I'm pretty much positive that The Lost Light is synonymous with the Ice Age migration of humans into the Americas. How amazing is that? Extended journeys, through varying climates, during periods of little to no sunshine, all followed with eventual return of the sun and settlement in this new land... There's no way this is a coincidence!

Previous embellishments regarding the passage of time, seen in the creation myths involving Raven and First Man, are likely present in other stories too. Each journey could represent hundreds, if not thousands of years. Oral histories and stories passed down through generations lack the scientific standards revered by modern anthropologists, but the clues these stories contain are deliciously real.

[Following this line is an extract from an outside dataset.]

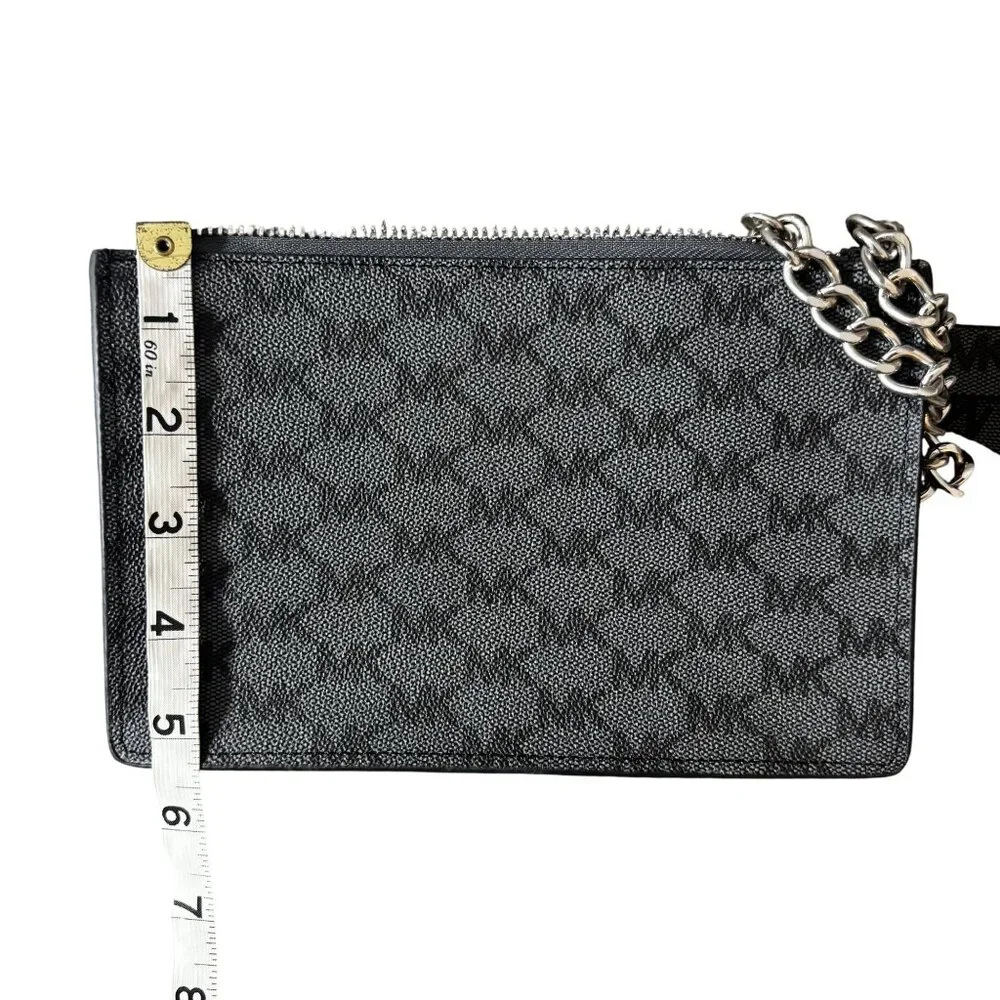 Michael Kors Womens Monogram Belt Bag /Fanny Bag With Chain Strap & Zip Closure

The Last of the Thunderbirds touched on elements included in Neil Gaiman's American Gods, and I was actually quite sad to see the story end so abruptly. Gaiman's treatment presented the legend that the stone in the Thunderbird skull contained a power so great it could bring the dead back to life. This story, much in keeping with the context of man and the environment, details the presumed extinction of the Thunderbirds following the father's permanent retreat to the Northlands.

Drafting a story from the Thunderbird perspective could be amazing, especially in light of documented human migration routes.

Story sources: Myths and Legends of Alaska, edited by Katharine Berry Judson (1911).